The company – For the Better Good – makes drinking containers with a manufacturing carbon footprint 78 percent smaller than traditional plastics in production. They are reusable (the company has even set up a network of free refill stations throughout New Zealand), compostable, and break down in less than 27 days.
And while there’s been no ‘official’ launch yet, it hasn't stopped the company from attracting the interest of plenty of image-conscious brands.
“Everything to date has been through social media and word of mouth,” says Klinac. “We have no sales or marketing team, but we have over 70 stockists, over 120 refill stations and have done brand partnerships with ASB, Universal Music and Volvo.
“We have another brand partnership with Harcourts Real Estate that will see 12,000 bottles given to primary school kids as part of an education programme where we aim to teach them about plastic, reuse, composting and growing food.”
It’s a social enterprise with big ambitions.
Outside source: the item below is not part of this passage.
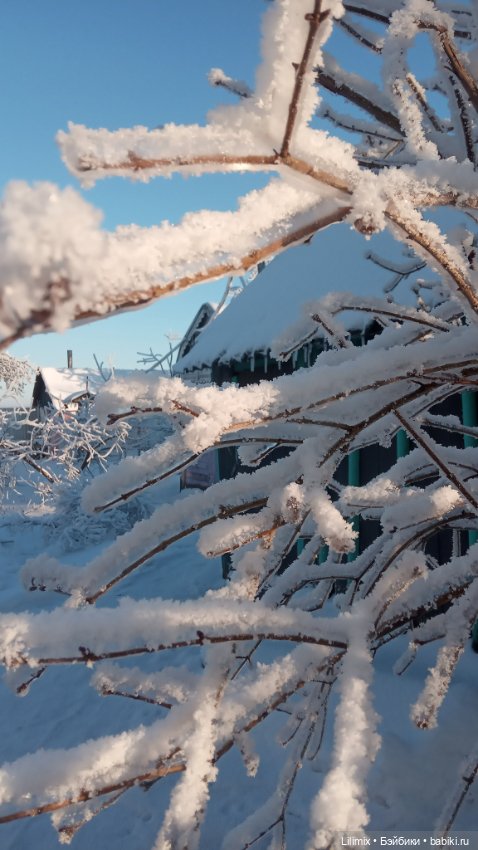 Новогодняя коллекция .Часть 3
Klinac says that from production to final destination, the company takes full responsibility for its product.
“We have set up our own collection network for users to drop bottles back for us to ensure they are composted,” he says.
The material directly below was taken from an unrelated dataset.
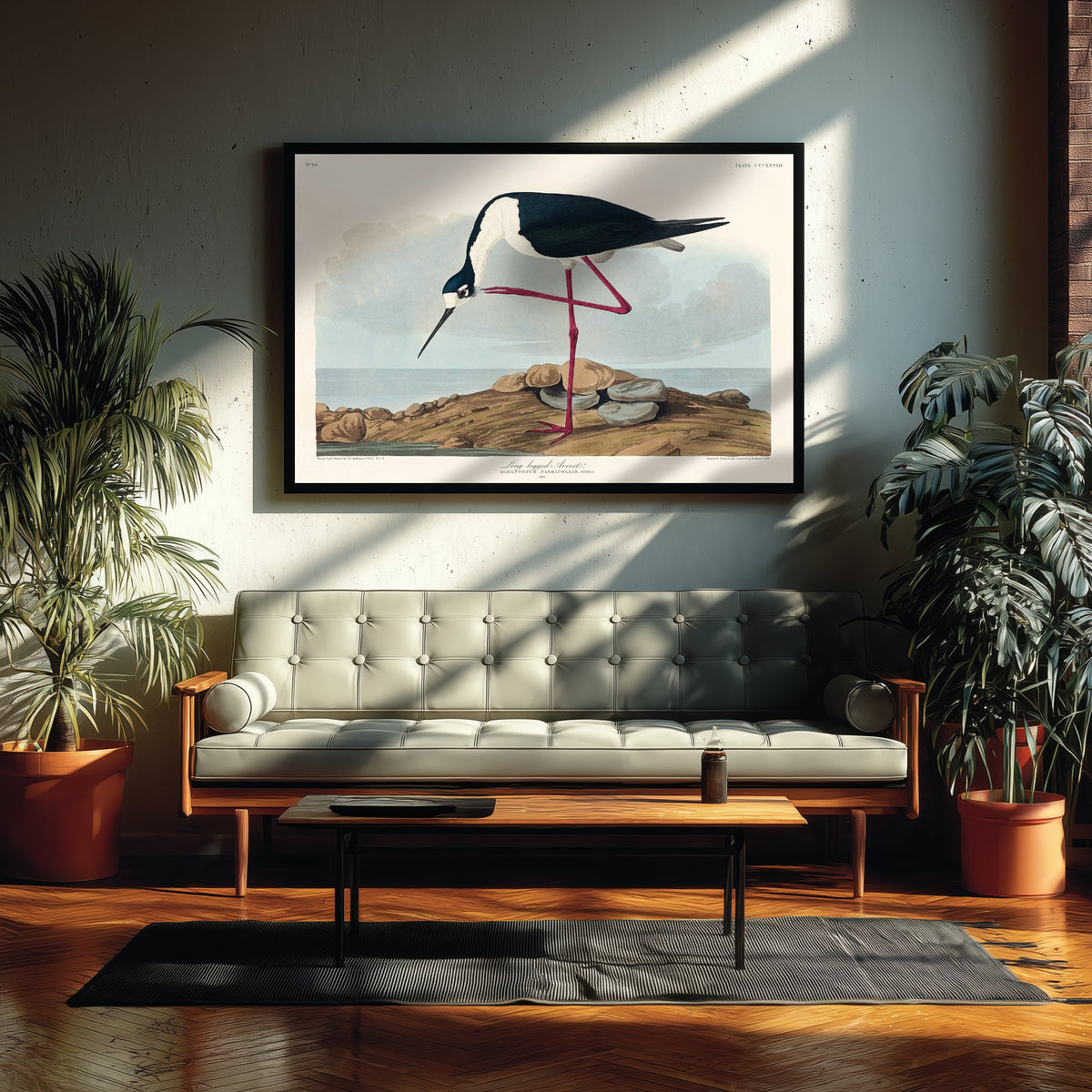 Black-necked Stilt Art Print - John James Audubon Birds of America - Vintage Ornithology Poster Illustration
“We are currently trialing the recycling of our material before having it composted and some used bottles have been repurposed into planter pots. Our lids are being turned into reusable coffee cups and we’re setting up our own compost facilities in places which currently do not have them.”
“We have a circular economy,” he says, “with multiple circles within it.”
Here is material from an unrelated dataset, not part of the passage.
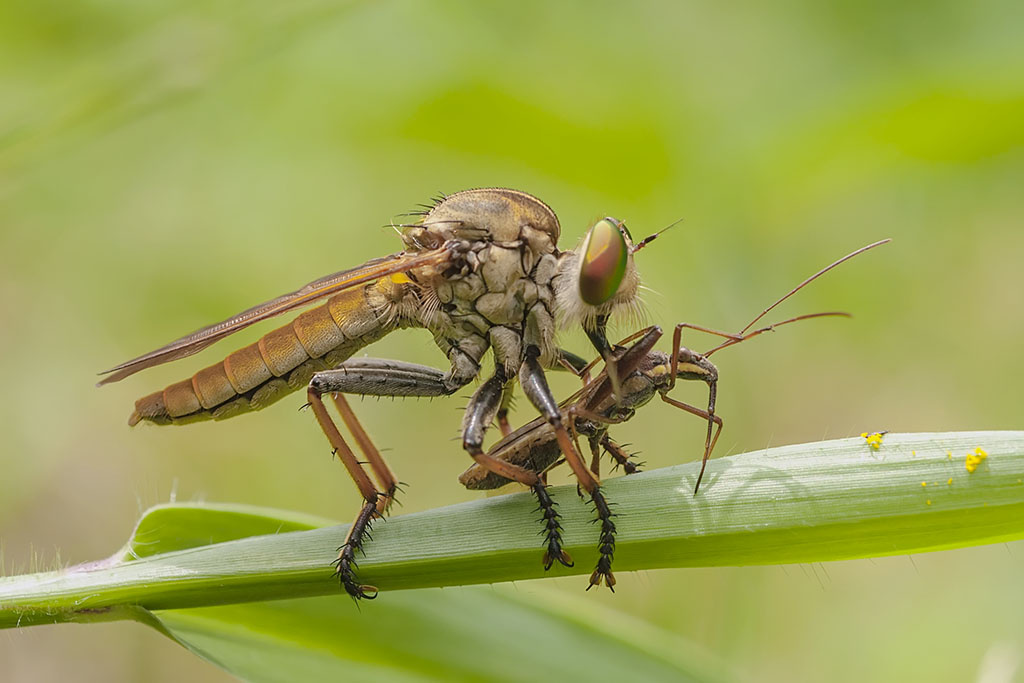 predator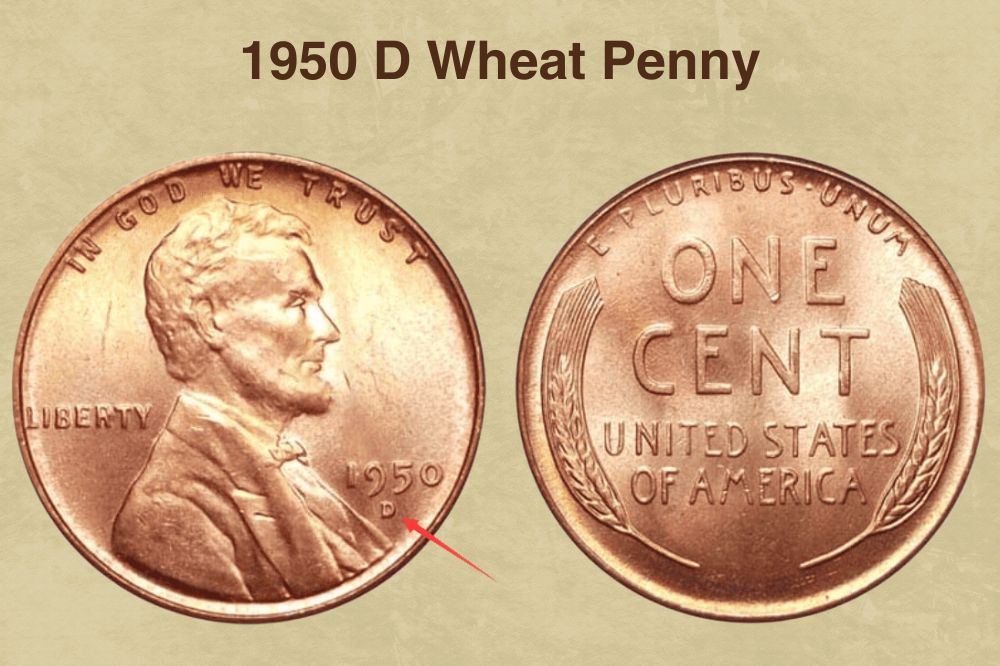 1950 D Wheat Penny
“Plus, every box sold also plants a tree.”
The goal is nothing less than water without waste in an industry described as the pinnacle of plastic pollution. That’s a big ask of course, and research and development took three years before a product materialised.
“We explored all sorts of materials, making plastic from locally grown plants such as hemp.”
“We can now make anything which is currently made from oil out of renewable feedstocks. These can live in our circular system which stretches from above Auckland to Queenstown. This not only makes plastic-waste free, but keeps carbon in the ground, not the atmosphere. This can save taxpayers millions in the waste issues we are currently facing in New Zealand and worldwide.”
And it’s that circular system which is the key, says Klinac. “At a typical cafe, 50 percent of waste is food, 20 percent is packaging. If that packaging is made from plants and compostable, you just need one collection bin and you can not only divert 70 percent of waste from landfill, but you turn ‘waste’ into a valuable resource.”
And the company is thinking big in what it can achieve: 70 percent of ocean plastic by weight comes from developing countries with little education or infrastructure, Klinac says, and it’s here that there is a profound opportunity to do better.
“Our goal is to use the developed countries we stock to support neighbouring under-developed countries, operated as not-for-profit wings of our business,” he says.
“Imagine a resort in Fiji, where instead of plastic entering the ocean or being burnt, it was composted with food scraps, providing jobs for locals, significantly less carbon output from end to end and compost for the growing of local fruit and vegetables.
“We can end plastic pollution.”
That’s the grand plan, but in the meantime, the business is looking to make consumers feel empowered by their simple daily actions – such as buying a bottle of water – rather than defeated in the face of the world’s problems.
“Humans want to do good, they're just not always provided with the opportunity to do so,” he explains.
“We want to provide a choice in these moments with additional opportunities to empower people with everyday purchases.”